Here Comes EverybodyToday in the Why We Fail category: Required reading.

I’m constantly enthralled by the intersections between activism and technology. Mostly with the appropriate use of technology within activism. I’m also interested in the flip-side, the strange, sometimes horrifying decisions and their consequences made in the progressive movement. So I’m heading out right away to pick up a copy of Clay Shirky’s Here Comes Everybody: The Power or Organizing Without Organizations (which also has its companion blog).

Shirky works on open source collaborative applications that you may already be using.
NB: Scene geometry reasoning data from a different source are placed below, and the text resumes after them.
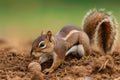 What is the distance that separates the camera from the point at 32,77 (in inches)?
223

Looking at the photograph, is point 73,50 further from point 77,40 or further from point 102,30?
point 102,30

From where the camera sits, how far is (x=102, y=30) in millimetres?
7348

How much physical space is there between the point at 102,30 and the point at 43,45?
4.66ft

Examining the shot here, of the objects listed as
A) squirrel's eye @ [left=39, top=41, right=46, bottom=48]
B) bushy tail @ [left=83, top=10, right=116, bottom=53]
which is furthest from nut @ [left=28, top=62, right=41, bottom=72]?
bushy tail @ [left=83, top=10, right=116, bottom=53]

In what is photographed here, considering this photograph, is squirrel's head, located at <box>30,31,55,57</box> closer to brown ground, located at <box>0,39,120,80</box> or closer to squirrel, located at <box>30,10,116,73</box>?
squirrel, located at <box>30,10,116,73</box>

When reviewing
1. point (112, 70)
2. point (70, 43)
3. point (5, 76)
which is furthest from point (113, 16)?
point (5, 76)

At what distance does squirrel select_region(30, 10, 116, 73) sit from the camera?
623cm

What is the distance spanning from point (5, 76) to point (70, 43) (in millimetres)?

People opposed to reflecting on the futility of a lot of tactics going on in a number of social, environmental and political movements out there (hello you anti-war crowd who have yet to stop a single war) should consider the actions used to bring about actual change, such as Shirky’s oft used example, the Passenger Bill of Rights.

At the website for Harvard’s Berkman Center, Clay discusses the themes in his book, focusing on protest culture and the difference between institutional (what Code Pink does) Vs. ad hoc modes (what the WTO protests in Seattle did which shut that meeting down), and the lack of strategies combining singular acts of protest with ongoing movements.

The lack of ongoing strategy or a focus on tangible, achievable goals continues to wound progressive movements. Shirky’s analysis is well worth hearing out by anyone involved in organizing.